Senin, 19 Februari 2018

PENGAMANAN KEJAHATAN SELAT MALAKA ANTARA INDONESIA, MALAYSIA, DAN SINGAPURA DARI AKTIVITAS PEMBAJAKAN LAUT

Pada era globalisasi seperti saat ini hubungan yang dilakukan oleh manusia tidak lagi dibatasi oleh ruang dan waktu. Hal ini didukung oleh perkembangan teknologi yang sangat pesat, dimana tidak ada lagi batas pemisah yang menghalangi, baik pemisah secara geografis maupun politis. Meskipun demikian untuk mengukuhkan eksistensinya, pembatas yang memisahkan suatu negara dengan negara lain masih harus dipertahankan dan harus dihormati oleh semua pihak baik negara lain, organisasi internasional ataupun individu karena merupakan tempat dimana kedaulatan serta identitas suatu negara berada. Pembatasan ini merupakan penegasan dari wilayah yang dimiliki oleh suatu negara terhadap pihak-pihak lain.
Wilayah menjadi unsur yang vital/utama bagi berdirinya sebuah negara, hal ini berhubungan dengan integrasi yang dilakukan oleh negara demi mencapai persatuan yang kuat. Integrasi secara etimologis dapat didefinisikan sebagai proses pembentukan bagian-bagian/unit-unit menjadi satu kesatuan. Ada dua macam integrasi yang harus dipenuhi oleh sebuah negara yaitu intergrasi politik dan intergrasi wilayah dimana integrasi politik adalah persatuan dari seluruh lembaga politik yang berada dalam negara tersebut dalam menjalankan pemerintahan serta kehidupan berbangsa dan bernegara, sedangkan integrasi teritorial berkaitan dengan kedaulatan wilayah yang dimiliki oleh negara yang bersangkutan mencakup wilayah daratan, perairan dan udara. Dimana pada wilayah ini merupakan tempat bermukim dari penduduk serta berlangsungnya kegiatan administratif pemerintahan negara. “Wilayah merupakan aspek penting dalam pengakuan atas suatu negara secara de facto” dimana sebuah negara akan diakui eksistensinya apabila ia telah mempunyai sebuah wilayah yang secara definitif ditempati oleh bangsa yang bersangkutan sebagai berlangsungnya kegiatan pemerintahan negara tersebut.

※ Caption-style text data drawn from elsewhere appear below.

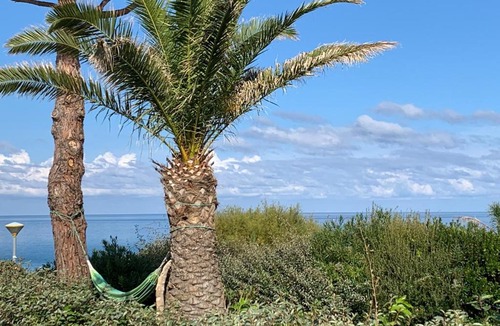 Marine de Saint Ambroggio Villa | Maison dans Marina privée pieds dans l'eau - Vue mer - Mer à 50 m - Terrasse & jardin sur mer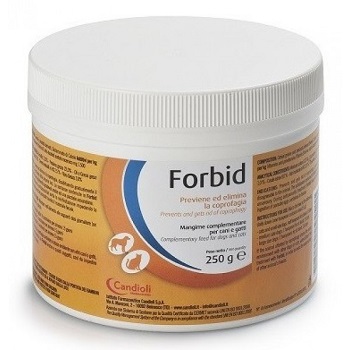 FORBID CANI GATTI POLVERE 250 G - UniversoFarmacie.it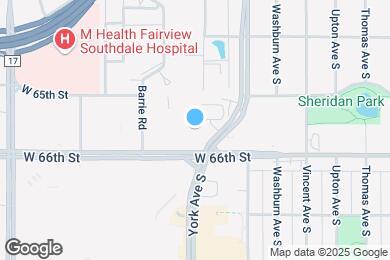 Map image of the property - Millennium Edina
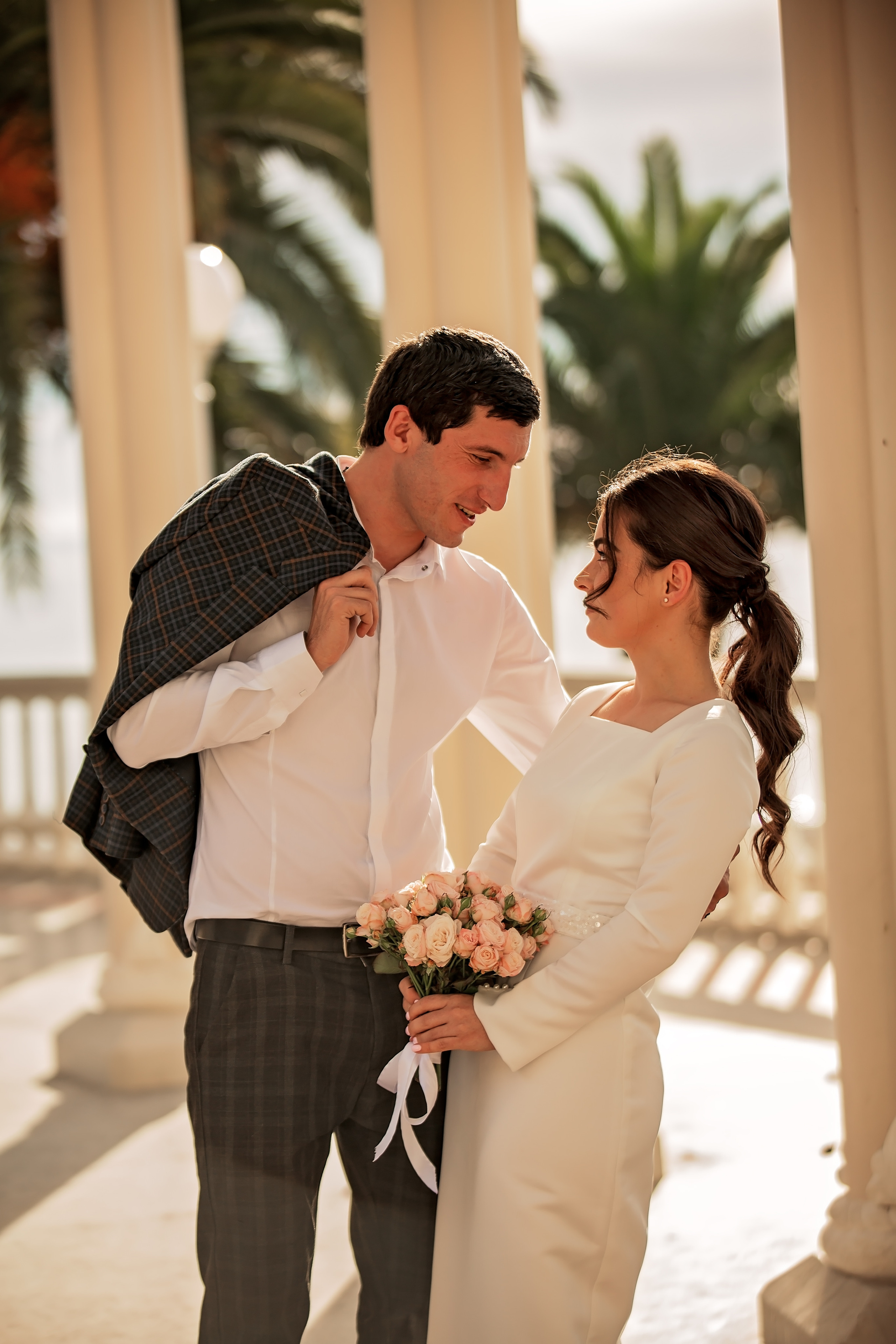 Енвер и Сабина. Свадебный и семейный фотограф в Абхазии Эля Цишба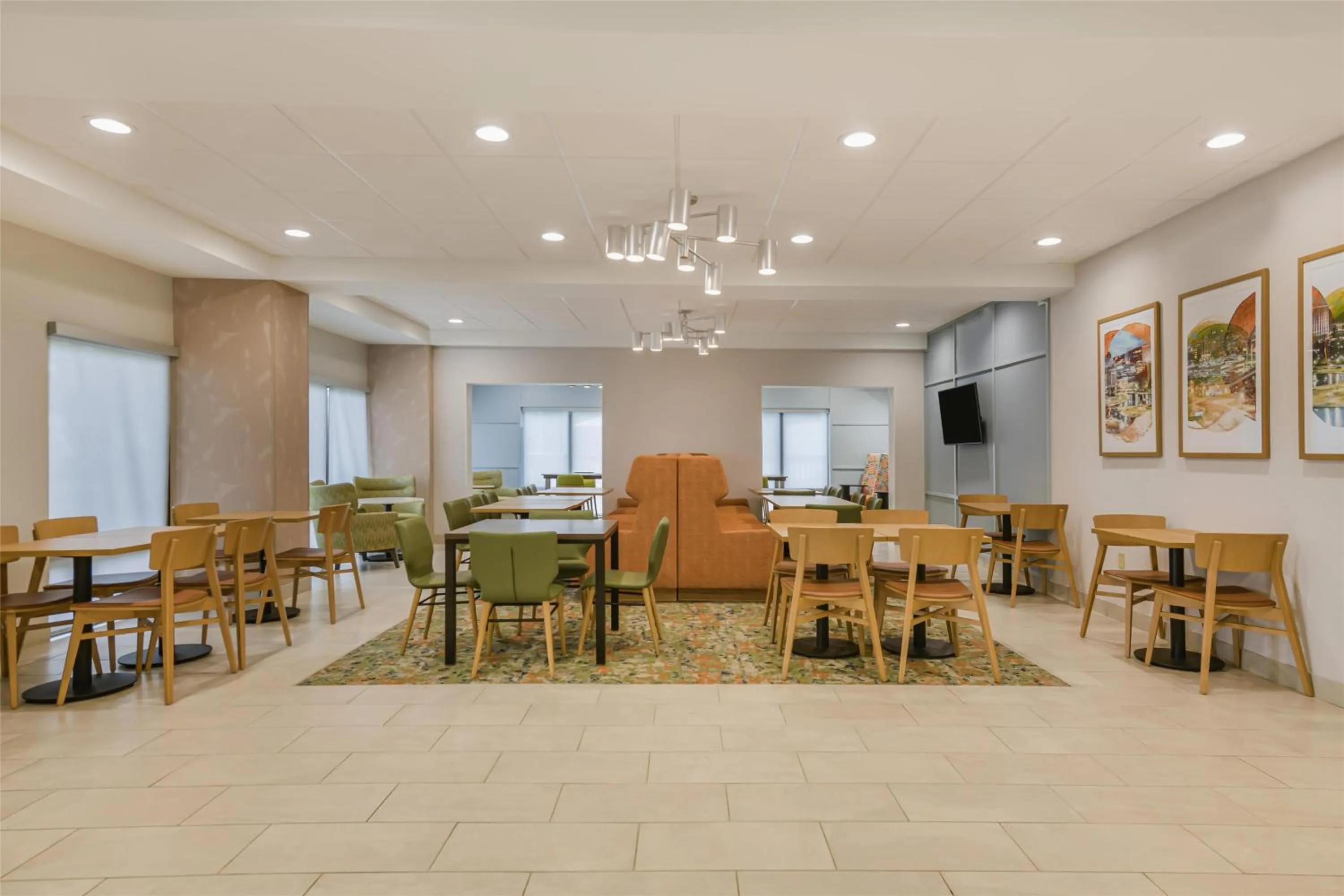 Lobby or reception in Hampton Inn Huntsville-Arsenal/South Parkway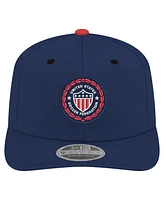 New Era Men's Navy Usmnt 1986 Retro 9SEVENTY Stretch-Snap Hat
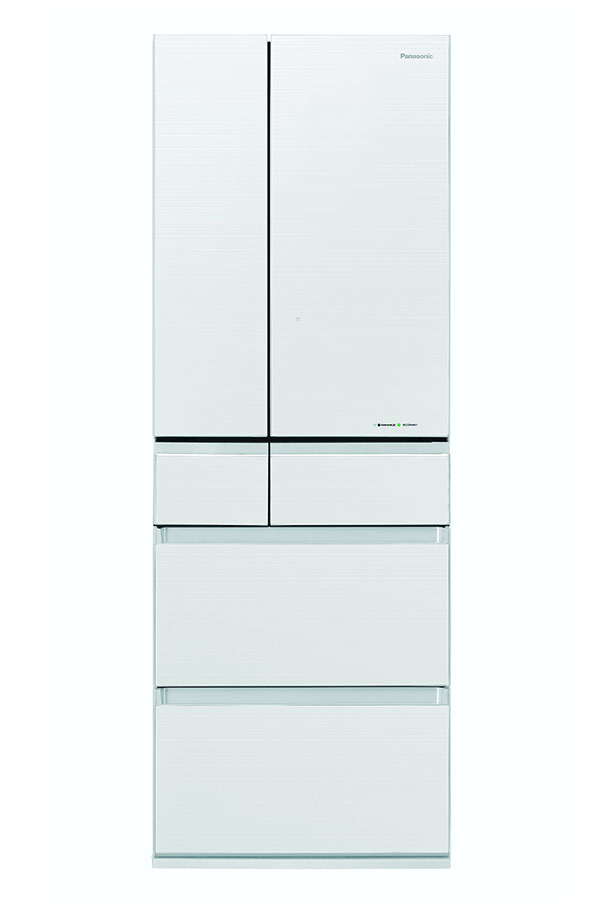 Meet the shiny and intelligent Panasonic ECONAVI six-door refrigerator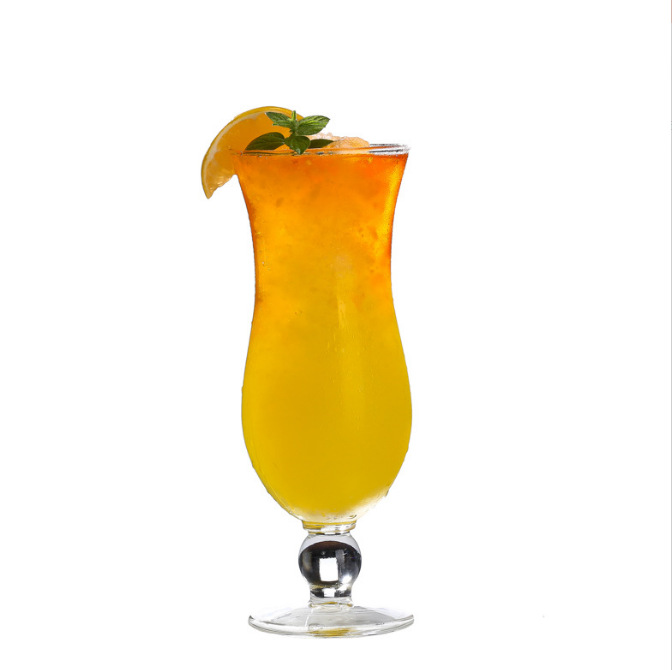 Bar hurricane cup, ins juice cup, glass cup, tall glass, milk tea cup, cold drink cup, cocktail cup Item Picture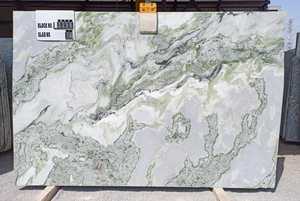 Diseño moderno Lady Green Onyx Slabs Superficie pulida Forma de losa grande para aplicaciones de hotel - Product Image 6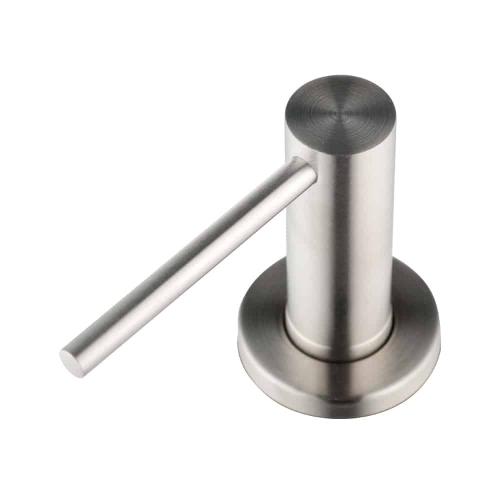RVS Zeeppomp | Zeepdispenser | 360° draaibaar (met 500ml flacon)
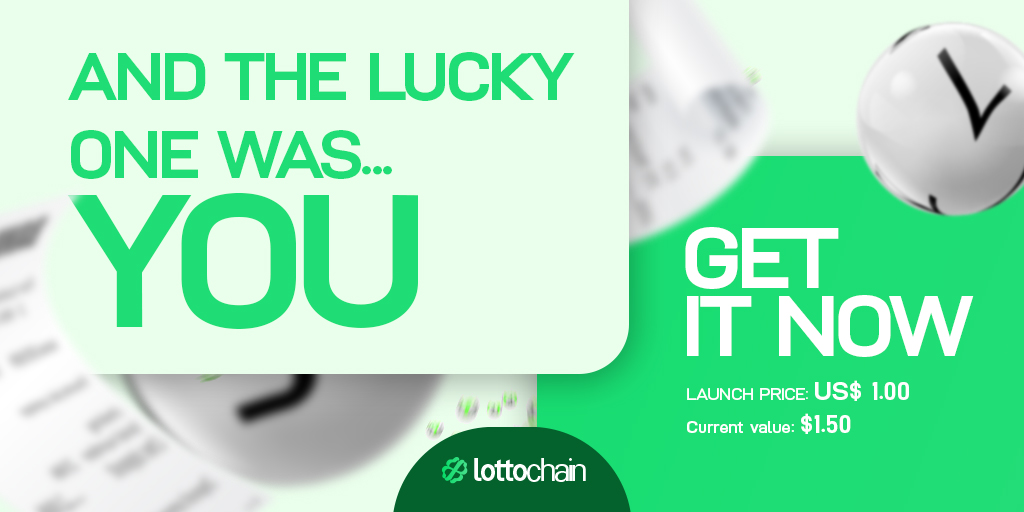 LottoChain_App's tweet photo. 🍀 LAUNCH OF ICO LOTTO CHAIN

Don't miss the chance to get your LTT tokens 

Daily valuations! Get it now at our site https://t.co/0XKTlmM9Mo

💰 Launch price: US$ 1.00
💰 Current value: US$ 1.50

#L2E #LuckToEarn #blockchain #Lottery #LTTtoken #ICO #DecentralizedLottery https://t.co/ILCyiwt8gY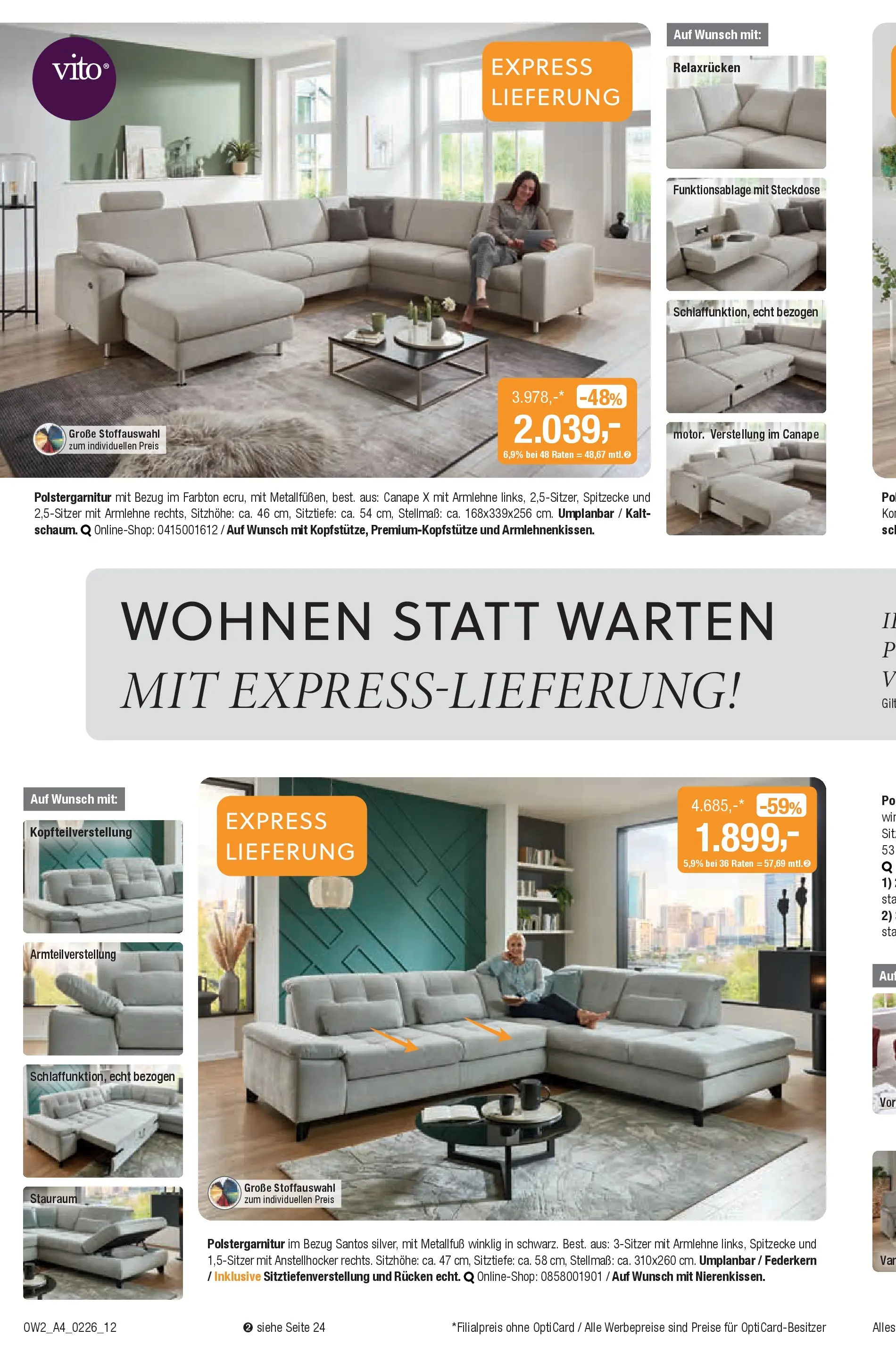 Angebote - Polsterwochen (ab 28.01.2026) zum Blättern | Seite: 12 | Produkte: Steckdose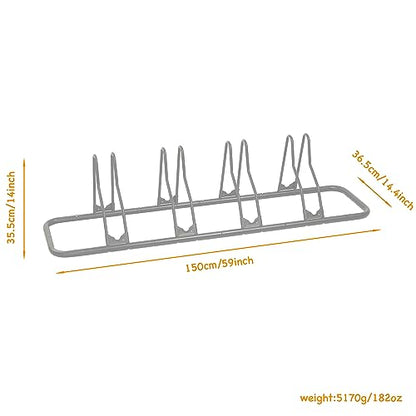 Bicycle Floor Parking Rack Stand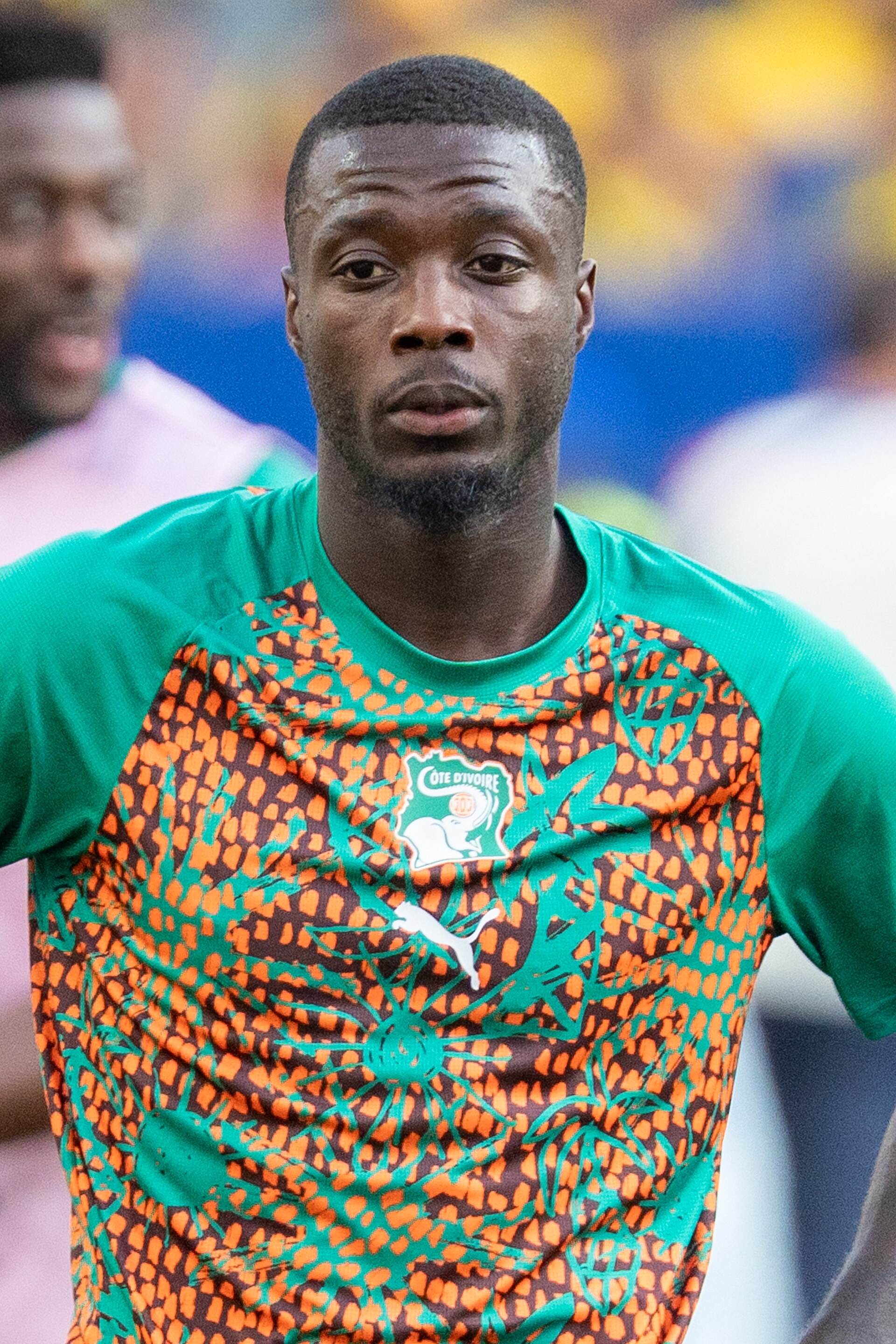 Nicolas Pépé during Côte d'Ivoire v Ecuador on 14 June 2026 at the 2026 FIFA World Cup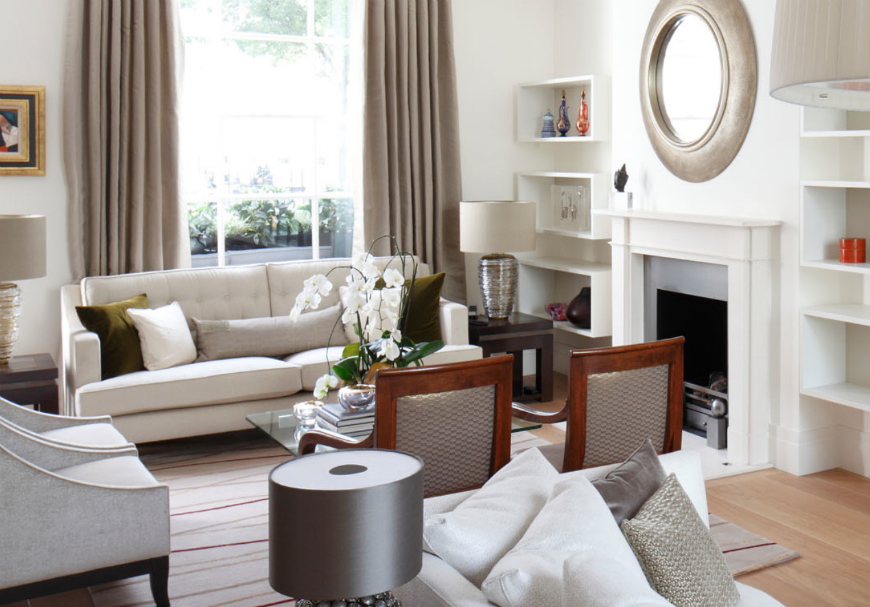 10 Elegant Sofas In Interiors By Juliette Byrne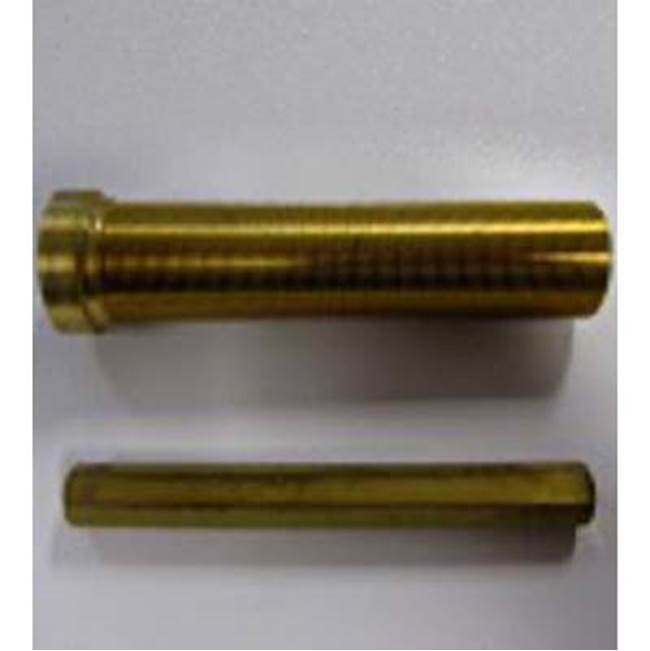 Herbeau 8'' Extension Kit for ''3044'',''3045'',''3644''and ''3645'' Wall Valve in Unfinished Brass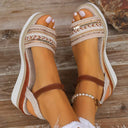 Tegan - Stylish Women's Sandals for Beach Wear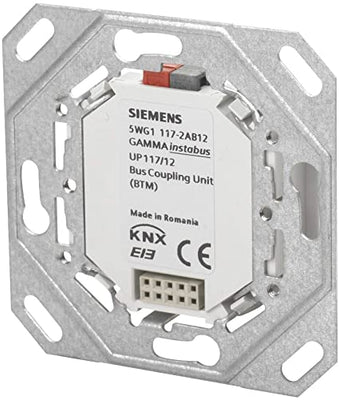 Siemens 5WG11172AB12 UP117/12, BUS COUPLER, BTM, 60MM SQUARE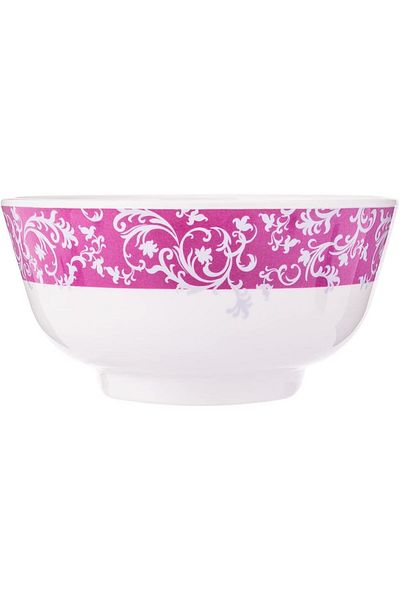 AKDC MELAMINE RICE BOWL 11CMX11CMX5CM White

Dengan berakhirnya perang dingin telah membuka era dalam pemahaman tentang keamanan. Definisi keamanan pasca-perang dingin tidak lagi bertumpu pada konflik ideologis antara blok barat dan blok timur. Konsep keamanan di perluas tidak hanya pada militeristik, tetapi telah berkembang berbagai aspek seperti: pemberantasan kejahatan internasional, perdagangan barang terlarang, dan berbagai masalah kejahatan lainnya. Kemudian, Pasca-perang dingin konsep keamanan tidak lagi diartikan secara sempit sebagai hubungan konflik atau kerjasama antar Negara , tetapi juga terpusat pada keamanan untuk masyarakat . Ini artinya soal-soal yang dulu dipandang sebagai urusan internal suatu Negara semakin memerlukan kerjasama dengan Negara lain dalam cara mengatasinya.
Dalam dunia kemaritiman, keamanan maritm juga telah meluas tidak hanya konsep pertahanan laut terhadap ancaman militer dari Negara lain tetapi juga termasuk ancaman non-militer antara lain perlindungan kelestarian alam, jalur perdagangan, pemberantasan aksi ilegal di laut dan lain-lain. Menyangkut keamanan dalam dunia maritim menjadi tangungjawab dari semua Negara dari berbagai bentuk ancaman . Berkaitan dengan konsep diatas, ada Salah satu isu keamanan laut atau maritim akhir-akhir ini yang menjadi perhatian besar dari masyarakat internasional maupun dari berbagai Negara adalah aktivitas perompakan dilaut selat malaka . kegiatan ini telah meningkat dalam lingkup intensitas dan kompleksitas yang tinggi, sehingga mengacam kondisi sosial, ekonomi, dan politik di Negara kawasan.
Pengamanan selat malaka merupakan sebagai perwujudan Ketahanan maritime dan hak kedaulatan bagi ketiga Negara yaitu: Indonesia, Malaysia, dan Singapura dari berbagai praktik-praktik keyahatan yang dilakukan oleh black man yang terus menyebabkan kawasan ini menjadi sebuah target pembajakan dan target terorisme. Pembajakan di Selat Malaka menjadi masalah yang mendalam akhir-akhir ini. Maka Kepala Staf Angkatan Laut Indonesia (Kasal) Laksamana Slamet Soebijanto menyatakan, sistem pengamanan maritim terpadu atau Integrated Maritime Security System (IMSS) di Selat Malaka akan segera dilakukan sehingga pengamanan di wilayah perairan itu dapat diwujudkan secara lebih terpadu. Kepala Staf Angkatan Laut Indonesia (Kasal) Laksamana Slamet Soebijanto dengan pemberlakuan IMSS (Integrated Maritime Security System) bertujuan untuk meyakinkan dunia Internasional bahwa Indonesia bersama tiga negara lainya yakni Malaysia, Singapura dan Thailand mampu mengamankan Selat Malaka.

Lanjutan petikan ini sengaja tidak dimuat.